Lihat ke Halaman Asli

Myrna Fitria

Aku Berfikir dan Aku Berasa

Akhlak Anda di Mana?

Diperbarui: 13 Januari 2020   22:30

Kompasiana adalah platform blog. Konten ini menjadi tanggung jawab bloger dan tidak mewakili pandangan redaksi Kompas.

Melihat pertunjukan di media masa mengenai kinerja BUMN belakangan membuat prihatin. Mulai dari dugaan window dressing / memoles laporan keuangan, pencitraan lebay, hingga perbuatan tercela para oknum manajemen yang semuanya merugikan masyarakat dan negara serta karyawan BUMN sendiri. Biarlah proses itu menjadi tugas yang berwenang, tulisan ini sekedar pandangan pribadi sehubungan dengan kepedulian terhadap kemajuan negara kita. 

Saya pernah berdiskusi dengan beberapa veteran senior BUMN yang sudah makan asam garam pengalaman di dunia Birokrasi BUMN. Saya pikir BUMN lebih tepat disebut dunia Birokrasi, bukan dunia Profesional.

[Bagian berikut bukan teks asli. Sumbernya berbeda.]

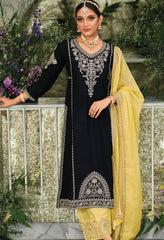 Delightful Embroidered Work Black Color Palazzo Suit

Pertanyaan saya kepada mereka intinya adalah, apakah worth it bagi kaum profesional, khususnya milenial, yang berniat ingin ikut contribute buat negaranya, bekerja di BUMN atau Pemerintahan?

Menurut pengamatan saya, masyarakat Indonesia pada umumnya tidak peduli untuk melakukan perbaikan apabila tidak ada keuntungan pribadi untuk dirinya, atau apabila jika tidak dilakukan akan membahayakan kepentingannya. 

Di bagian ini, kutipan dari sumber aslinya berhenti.